Titjikala is also the origin of figurative artist Sally M. Nangala Mulda, an artist whose huge bright brushstrokes persist upon her individual way. Among her pressures Mulda often paints scenes explaining the relationship amid her communities and the police, mainly since the 2007 NT Intervention. At a time when the association amid the police and local communities is at the front position once again, Mulda is definitely an artist to look at.

As part of ARENA and the Northern Territory (NT) government’s $59 million Solar Energy Transformation Program (SETuP) Titjikala saw the installation of a 400kW solar PV array. Now that array is being supported by a new 970kWh battery energy storage system (BESS). 

The solar energy storage system is set to provide a wide range of benefits to Titjikala. For one, the system will save approximately 156,000L of diesel annually. Less pollution, less noise from diesel engines, and excess solar stored for the nighttime, it will be a homegrown relief. 

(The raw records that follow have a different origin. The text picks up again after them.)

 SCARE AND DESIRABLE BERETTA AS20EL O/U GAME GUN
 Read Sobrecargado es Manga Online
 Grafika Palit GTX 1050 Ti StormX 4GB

The project is set to cost approximately $950,000, with the investment expected to be repaid from savings within five years. “We are not just investing in our major centers,” said Minister for Renewables, Energy & Essential Services, Dale Wakefield, “but we are also investing in our remote communities and ensuring that we are delivering cheaper and cleaner power for ALL Territorians.” 

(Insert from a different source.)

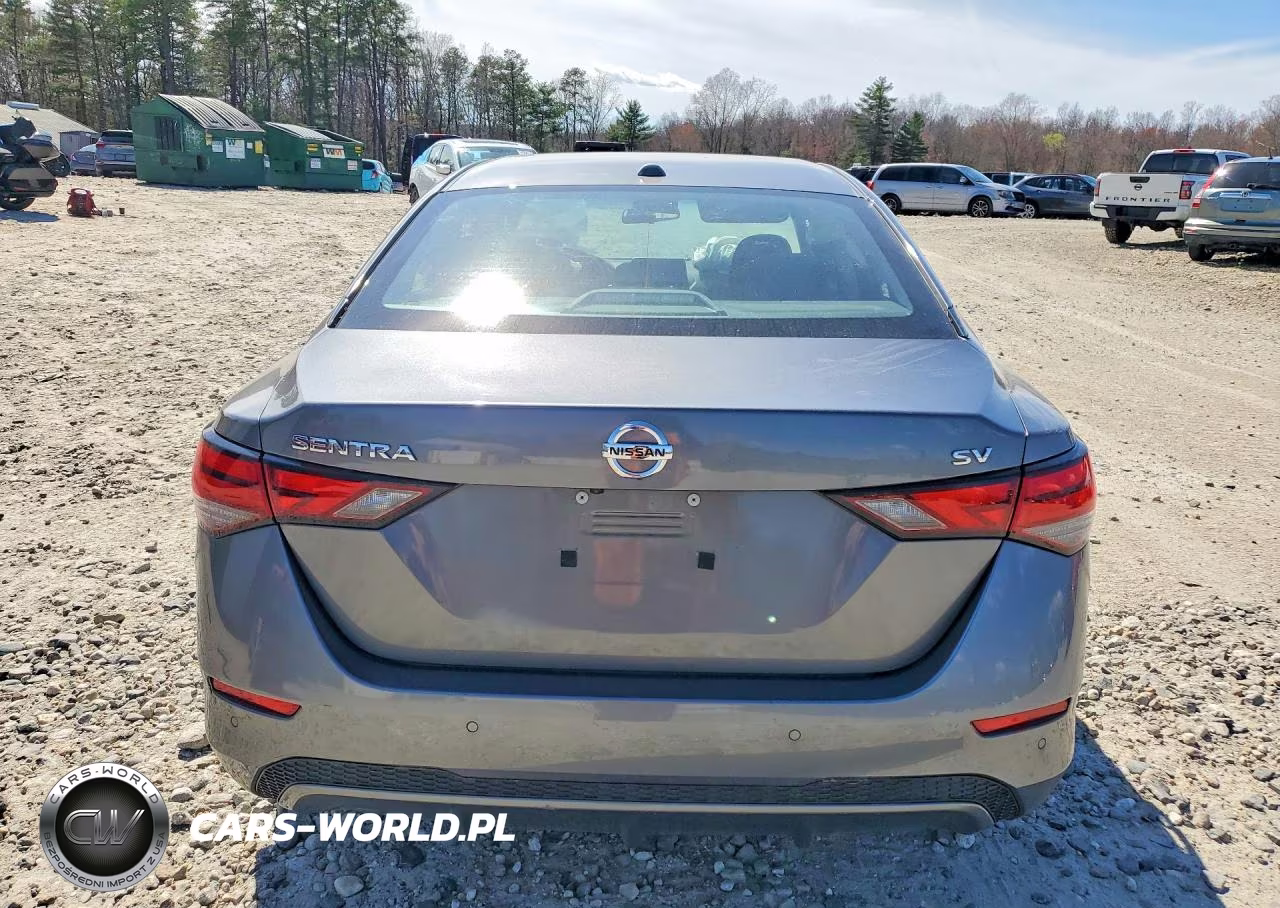 2020 Nissan Sentra Sv VIN:3N1AB8CV4LY285397 - 6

Wakefield cites programs like SETuP as part of “significant progress towards our target of 50% by 2030 with renewables projected to reach 16% by the end of 2020. Only a few years ago, the NT Government’s target of 50% renewable energy by 2030 might’ve seemed about as farfetched a project as a ski-shop in Darwin. But in the last year alone the NT has begun to take its extraordinary potential seriously. The sunburnt state clearly realised that it had no excuse for having the lowest renewable energy production in the nation. Now, however, not only is the 2030 target beginning to look achievable, but the NT is also firmly on its way to being a global renewable energy exporter.